A very powerful, moving set of short stories, written in the same time period as Guterson's best known novel, Snow Among the Cedars. Most of the stories look back at a period or incident from the past - sometimes to the distant past, from age 70 to the storyteller's late teens; sometimes to the more recent past of 20 years or so. The author's clarity of vision or of remembrance is captivating, and reminds me very much of the author's descriptions of events in Snow Among the Cedars. There is a great love of language displayed and a deep understanding of life, aging, and the feelings evoked by that process.

What do You think about The Country Ahead Of Us, The Country Behind (1996)?

I have mixed opinions on this book. I really disliked the first two stories in this, they were extremely over descriptive.
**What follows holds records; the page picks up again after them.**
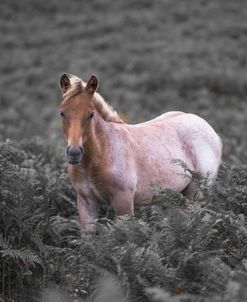 AF20080825 Horse 081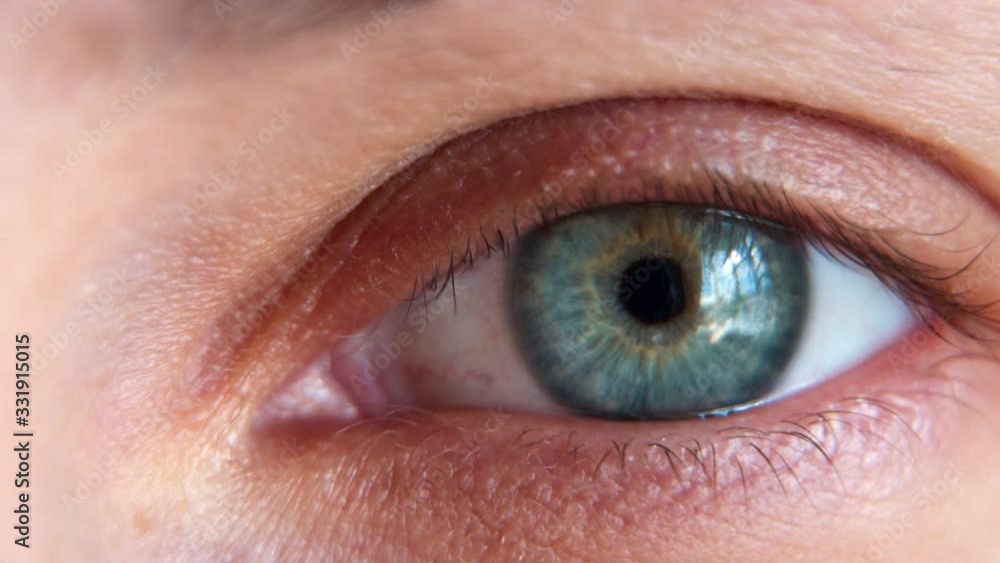 Close up macro eye beautiful blue iris natural beauty Close up macro eye beautiful blue iris natural beauty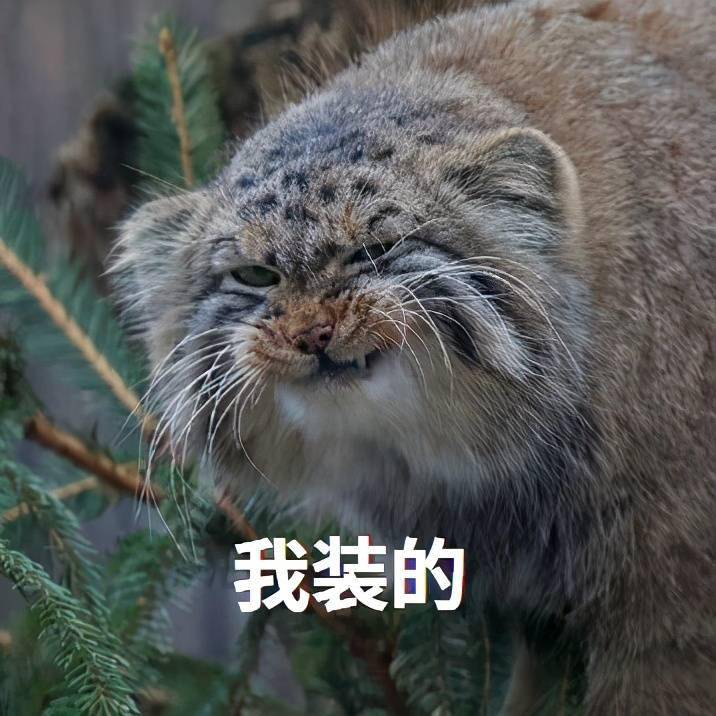 自然探秘所猫科动物表情包新晋鼻祖兔狲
Fifteen words for every one actually needed! And this is exactly the reason I wouldn’t normally go near a short story collection. I persevered and I found it improved, however overall it has to be said it’s quite a ‘male’ book in that there’s a lot about fishing, shooting, basketball etc. I don’t like to be that stereotypical but I don’t think I’m the only person to have thought this.Really it’s the very last story in this book that raised my opinion of the whole collection, I absolutely loved it. It was a perfect description of growing up and falling in love for the first time. In fact I’m quite tempted to copy this one before I send it on to continue its bookcrossing journey.
—Hannah

These short stories by David Guterson almost sounded like the first chapters of books he just never wrote. They did not feel like they had closure at all. I understand that short stories are to leave the reader pondering what happens next and creating that in their own minds, but Guterson's short stories were different than that. As the reader, I expected to turn the page to read on to get more information, not just wondering what would happen next. I felt that I did not get to know the characters well, the plot lines for the most part did not have a clear middle nor end. But, I still enjoyed the writing. Guterson is a wonderful writer and can weave stunning pictures in your mind. I was just left wishing there had been more to each story...
—Kari

A solid story collection that shows the early promise in Guterson's writing. I always enjoy it when you can see the seeds for a writer's later novels in their first stories, as it's a tiny window into how their thinking evolved on the subject or characters. But, it's the final story here, "The Flower Garden," because it is so different than all the others and anything else I've read of his, which really stands out. It's a stunner that is uncommonly wise about young love and it's enduring effect on a life.